The Paris brothers, meanwhile, allegedly continued to pay themselves substantial salaries from Club ABC Tours and substantial monetary disbursements from ABC Destinations. In 2011 alone, Club ABC Tours paid Robert Paris $275,000, and paid Thomas Paris $225,000. In that same year, both brothers received a total distribution of $335,000 from ABC Destinations, LLC. In addition, Club ABC Tours purchased a Porsche and an Audi for Robert Paris in 2011 and 2012. The state thus alleges that, at least in 2011, any profit realized by Club ABC Tours and ABC Destinations was completely offset by the compensation paid to Robert and Thomas Paris.
The state’s investigation revealed that the financial situation at Club ABC Tours and ABC Destinations was not sustainable.
On Sept. 25, 2012, Club ABC Tours defaulted on its obligations to the Airline Reporting Corporation (ARC), through which the defendants paid for airfare purchased as part of a travel package. On Oct. 1, 2012, the defendants forwarded a brief message to consumers stating that Club ABC Tours had ceased operations. The message made no mention about the possibility of obtaining refunds.

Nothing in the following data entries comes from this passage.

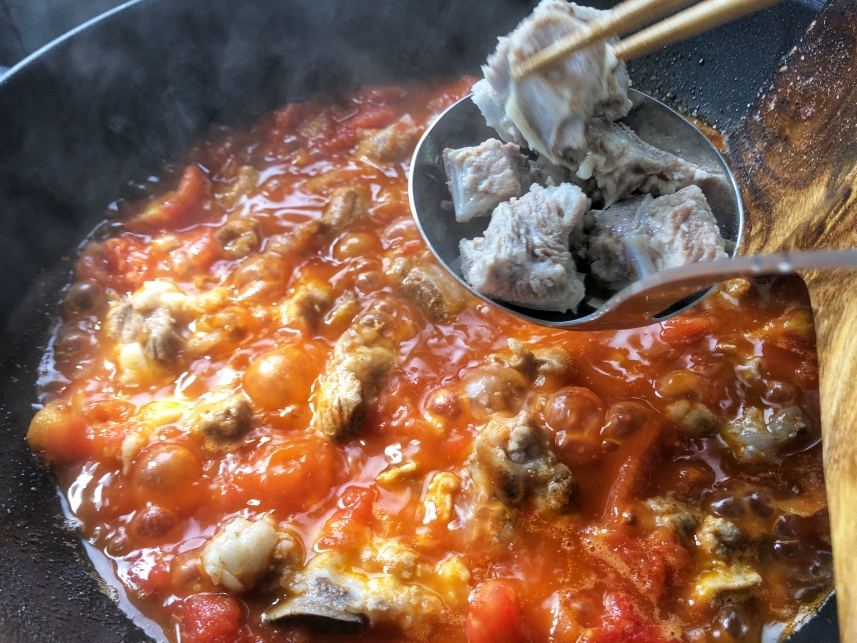 简单好做又开胃的番茄排骨汤的做法 步骤5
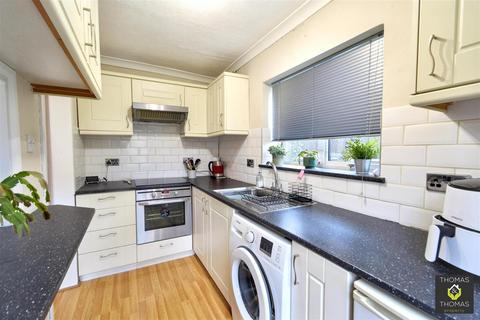 undefined, Park Avenue, Longlevens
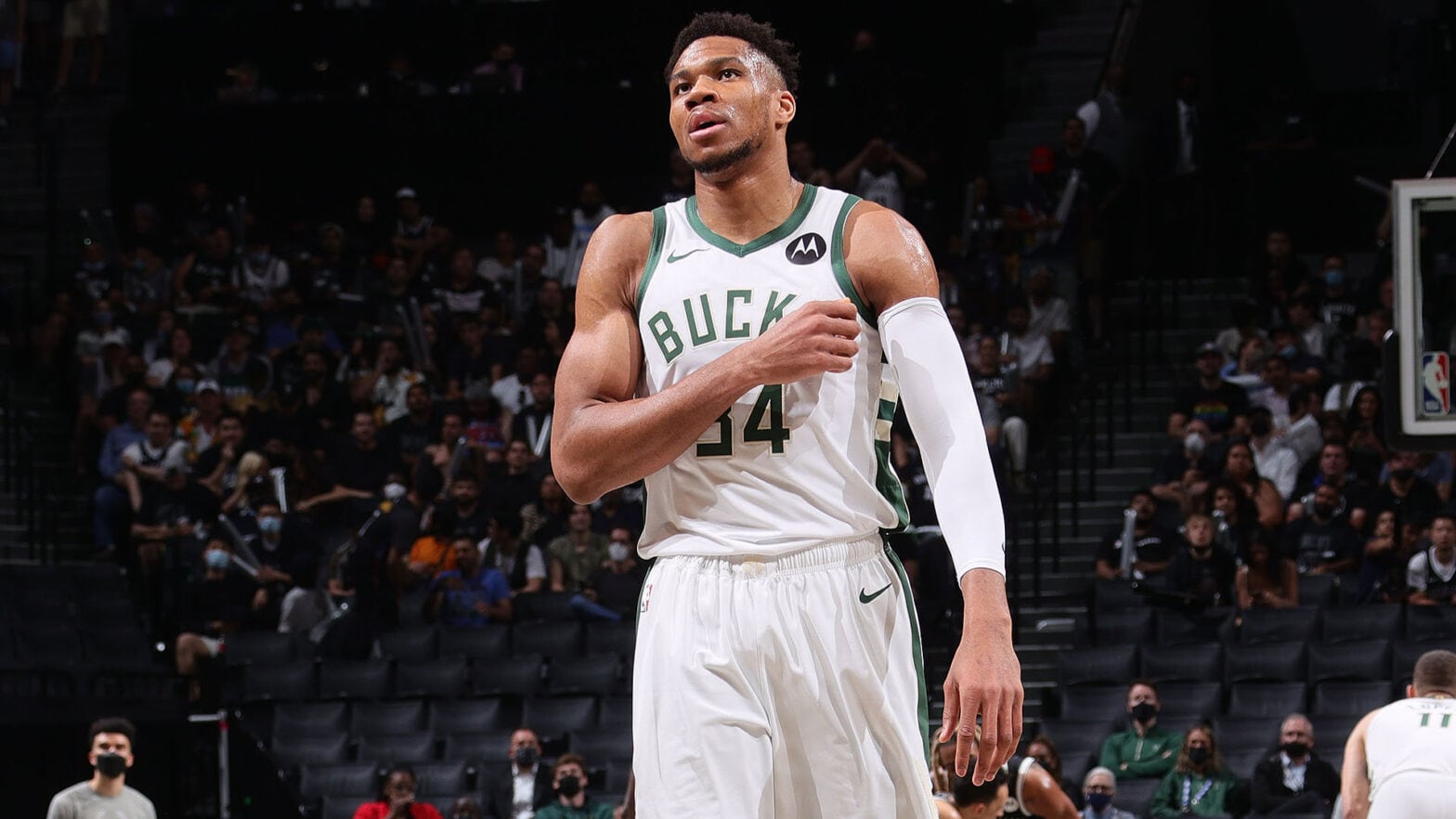10 Surprising Facts About Giannis Antetokounmpo You Didn't Know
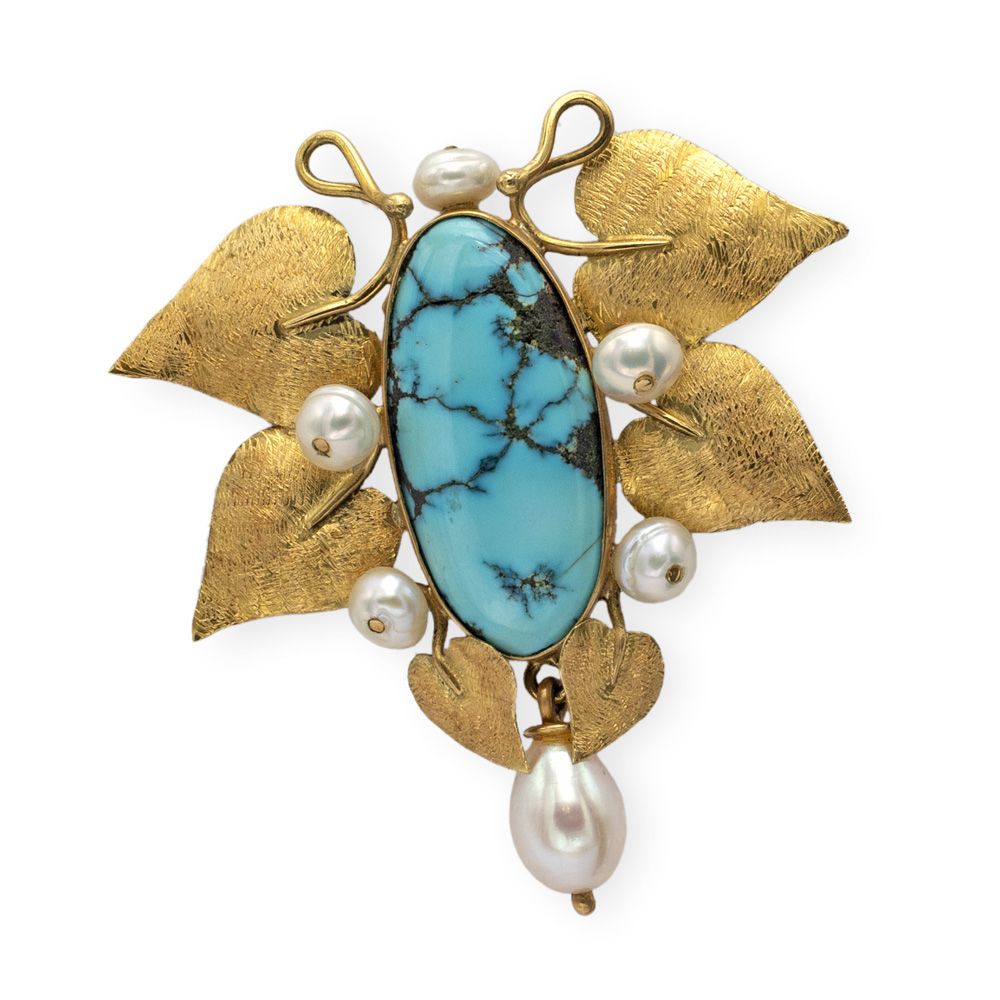 18kt satin yellow gold butterfly brooch with natural turquoise et des perles de &hellip;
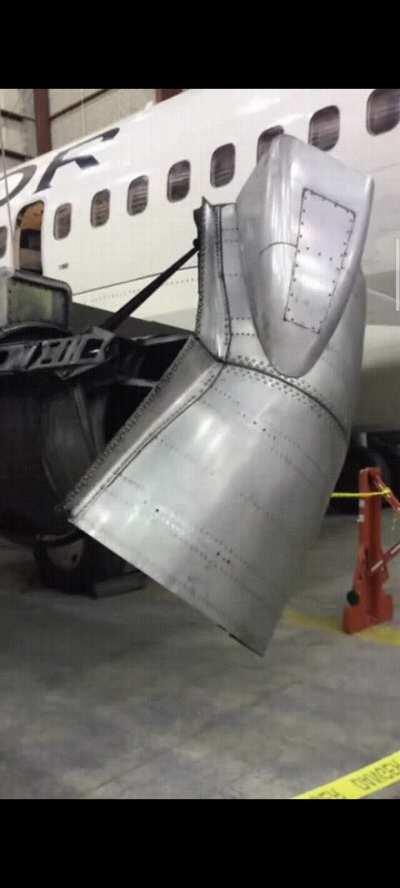 B737-200 Thrust reverser opening.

To date, the defendants have not provided refunds to any consumers who paid by check, according to state officials.
The Division of Consumer Affairs has identified 230 customers who are owed a total of $1,033,245.39. Any consumers who have not yet contacted the division may do so by calling 800-242-5846 (toll-free within New Jersey) or 973-504-6200, or by visiting www.NJConsumerAffairs.gov.
Investigators Murat Botas and Oscar Mejia of the Division of Consumer Affairs’ Office of Consumer Protection conducted this investigation. Deputy Attorney General Lorraine K. Rak, Chief of the Consumer Fraud Prosecution Section within the Division of Law, is representing the State in this action.